━━ DATASET CONTENT

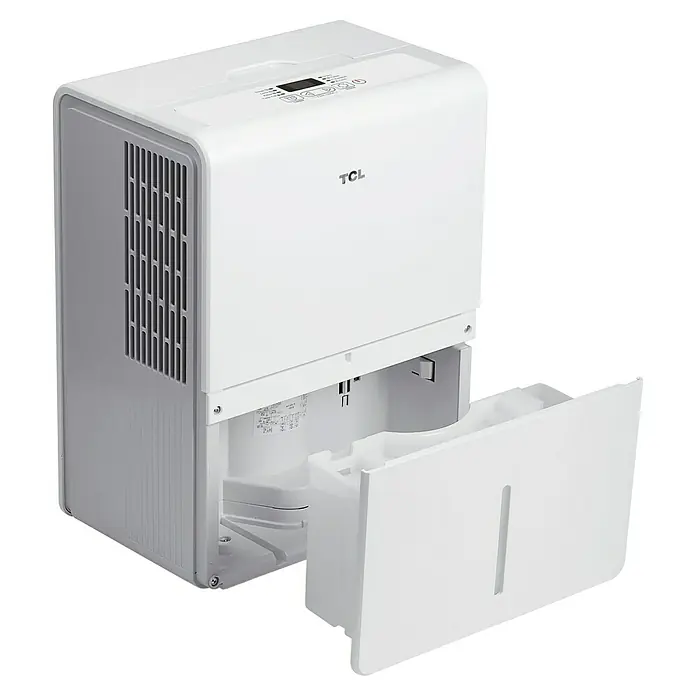 TCL Elektro-Luftentfeuchter - 320 W, Entfeuchtungsleistung: 25 l/Tag, L x B x H: 500 x 365 x 263 mm - Dieser Luftentfeuchter von TCL ist in einem sauberen Weiß gehalten und verfügt über einen herausnehmbaren Behälter.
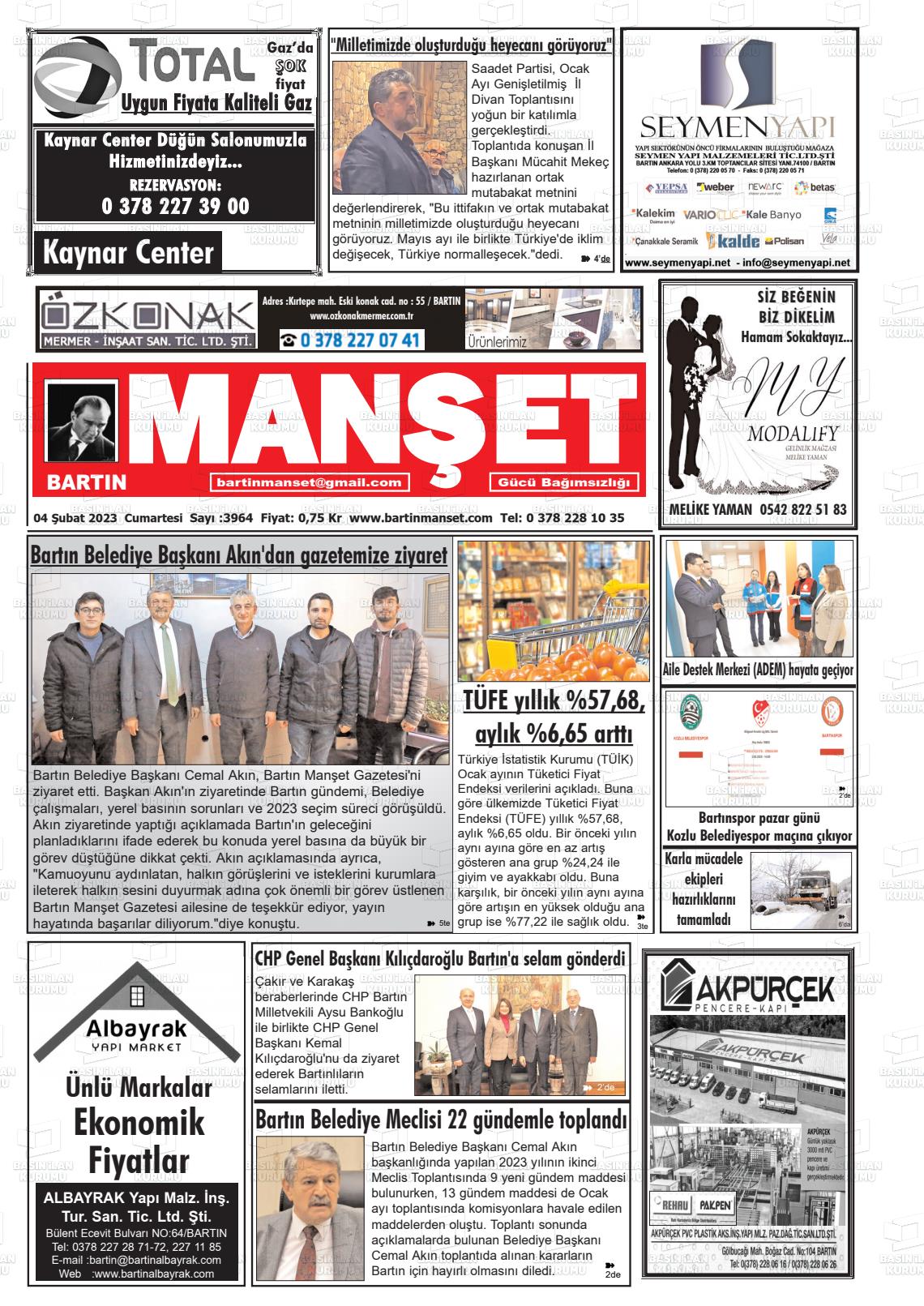 04 Şubat 2023 Bartın Manşet Gazete Manşeti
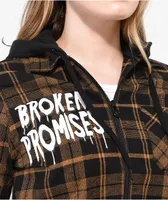 Broken Promises Love Is Lethal Brown Hooded Flannel Jacket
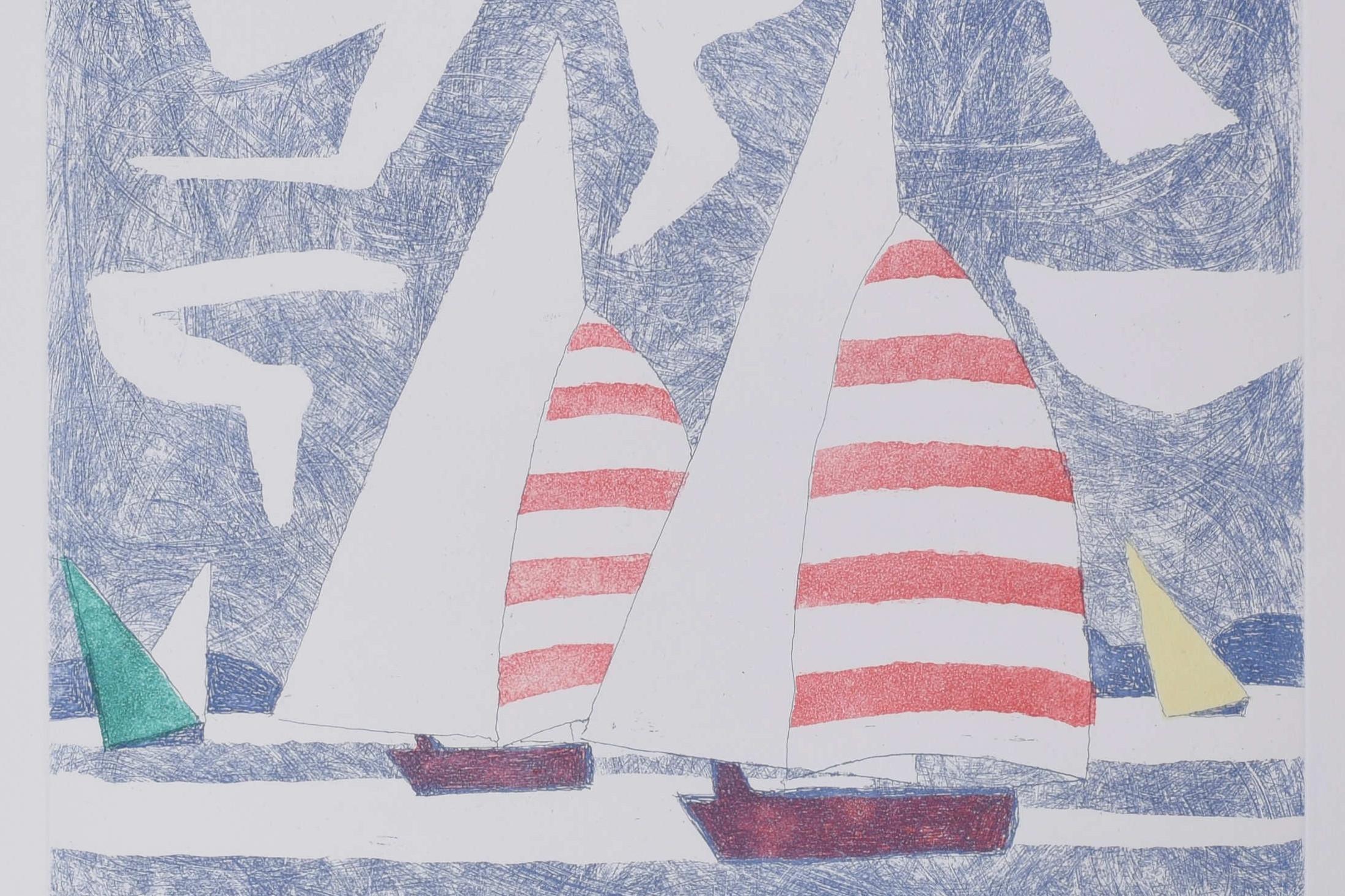 Julian Trevelyan: ''Spinnakers'' Segelboote, moderner britischer Kunstdruck im Angebot 2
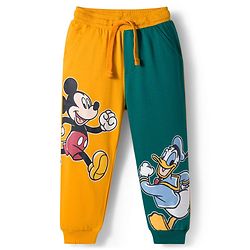Babyhug Disney Full Sleeve Drop Shoulder Cut & Sew Sweatshirt & Track Pant Set with Mickey & Friends Graphic - Green Blue & Yellow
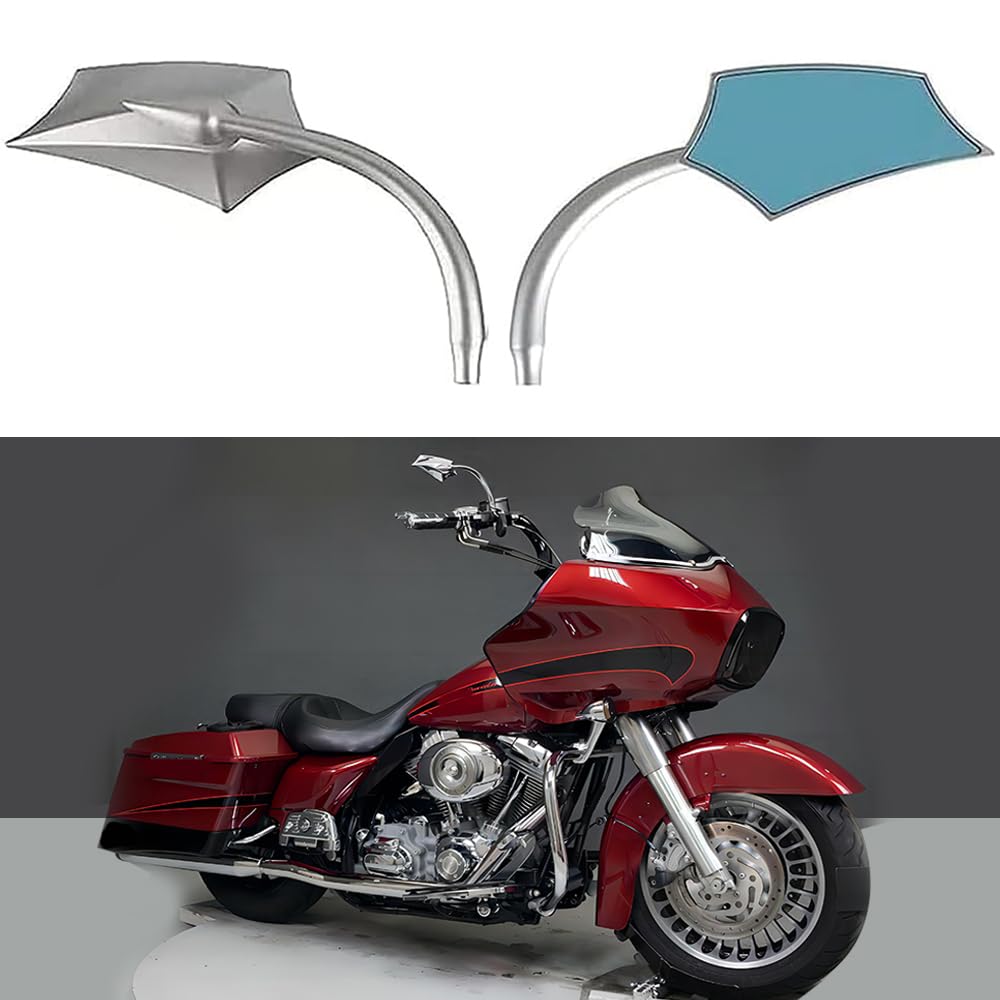 Goodfitment - Sliver Irregular Shape Motorcycle Mirrors,Upgrade Rearview Motorcycle Mirrors With M8 10 Screws Compatible With Ha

━━━━

> **EXERCISE PROMPT**
Could you please write out the entries exactly as they are, with every picture left out?

> **TASK OUTPUT**
 TCL Elektro-Luftentfeuchter - 320 W, Entfeuchtungsleistung: 25 l/Tag, L x B x H: 500 x 365 x 263 mm - Dieser Luftentfeuchter von TCL ist in einem sauberen Weiß gehalten und verfügt über einen herausnehmbaren Behälter.
 04 Şubat 2023 Bartın Manşet Gazete Manşeti
 Broken Promises Love Is Lethal Brown Hooded Flannel Jacket
 Julian Trevelyan: ''Spinnakers'' Segelboote, moderner britischer Kunstdruck im Angebot 2
Babyhug Disney Full Sleeve Drop Shoulder Cut & Sew Sweatshirt & Track Pant Set with Mickey & Friends Graphic - Green Blue & Yellow
 Goodfitment - Sliver Irregular Shape Motorcycle Mirrors,Upgrade Rearview Motorcycle Mirrors With M8 10 Screws Compatible With Ha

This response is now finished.